Tu 2208 was a gift of Dr T Yamauchi (Yoshitomi Pharmaceuticals) and Ro 48-8071 was a gift of Dr Olivier Morand (F Hoffmann-La Roche, Ltd). Pure crystalline simvastatin was received from Merck, Sharp and Dohme (Ireland, Ltd). Protein dye binding substrates and standards were obtained from Biorad Inc. (Hercules, California, USA). Precast polyacrylamide gels, sample, running and transfer buffers were obtained from Novex-Invitrogen (Carlsbad, California, USA). The primary monoclonal antibody, MC204, recognising murine multidrug resistance protein, isoform 2 (Mdr2), was obtained from Kamiya Biomedical Company (Seattle, Washington, USA). A polyclonal antibody raised against the C terminus of rat bile salt export protein (bsep) was a generous gift of Dr Bruno Stieger (University Hospital, Zurich, Switzerland).20 Antibodies were detected using appropriate horseradish peroxidase conjugated secondary antibodies (Jackson Immunoresearch Laboratories, West Grove, Pennsylvania, USA) with a chemiluminescence kit (New England Nuclear Inc., Boston, Massachusetts, USA). A “Quantity One” densitometer (Biorad Inc.) was used to measure expression density.

Inbred mice

Six week old male C57L and AKR mice were supplied by the Jackson Laboratory (Bar Harbor, Maine, USA). They were acclimatised for two weeks in the animal research facility of Harvard Medical School and maintained under normal 12 hour alternating light-dark conditions, with water available ad libitum. All experiments were executed according to the accepted criteria for the care and experimental use of laboratory animals, and euthanasia was consistent with recommendations of the American Veterinary Medical Association. All protocols were approved by the Institutional Animal Care and Use Committee of Harvard University.

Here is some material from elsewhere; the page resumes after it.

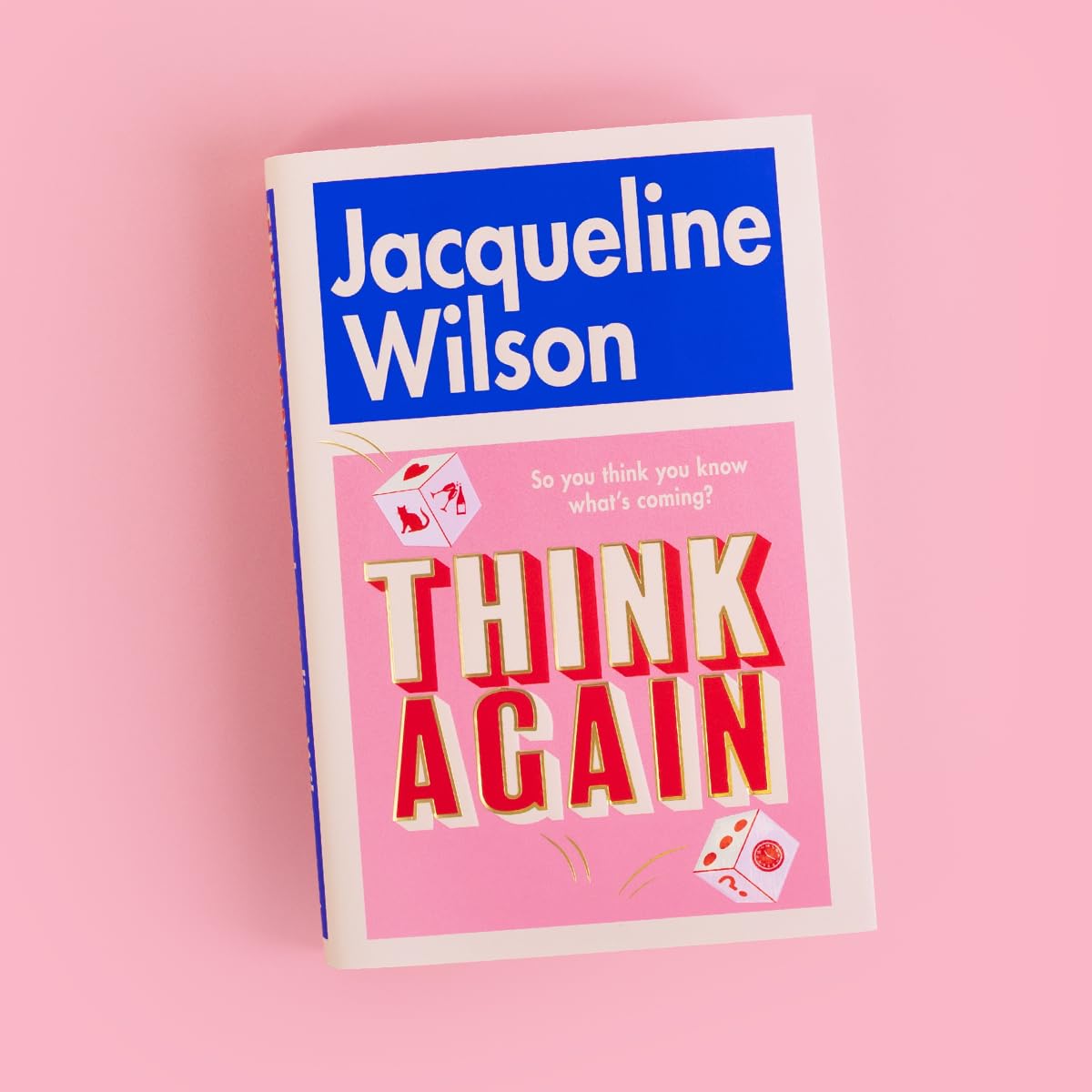Jacqueline Wilson（ジャックリン　ウィルソン） Amazon.co.jp: ジャクリーン・ウィルソン: 本、バイオグラフィー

Drug administration and dosage

Previously, we had quantified the daily weight consumption of the lithogenic diet (LD) (prepared in the diet kitchen of the Jackson Laboratory) by C57L and AKR inbred mouse strains21 and thereby calculated the concentrations of drug necessary to compound with the daily feeds. Chow and LDs (plus drug at each dosage level) were compounded in the diet kitchen of the Jackson Laboratory. Eight week old male C57L mice were fed LD plus Tu 2208 30 mg/kg/day (group Tu 30, n = 14) and 60 mg/kg/day (group Tu 60, n = 6), Ro 48-8071 30 mg/kg/day (group Ro 30, n = 15), 60 mg/kg/day (group Ro 60, n = 6), and 100 mg/kg/day (group Ro 100, n = 6). Contemporaneous controls (n = 12) were fed LD alone or LD plus simvastatin 10 mg/kg/day. AKR mice were fed LD alone (n = 11) or LD plus simvastatin (n = 5). While on diet, animals were sacrificed at 56 days using pentobarbital sodium 4.5 mg/100 g body weight for anaesthesia (Nembutal; Abbott Laboratories, Chicago, Illinois, USA).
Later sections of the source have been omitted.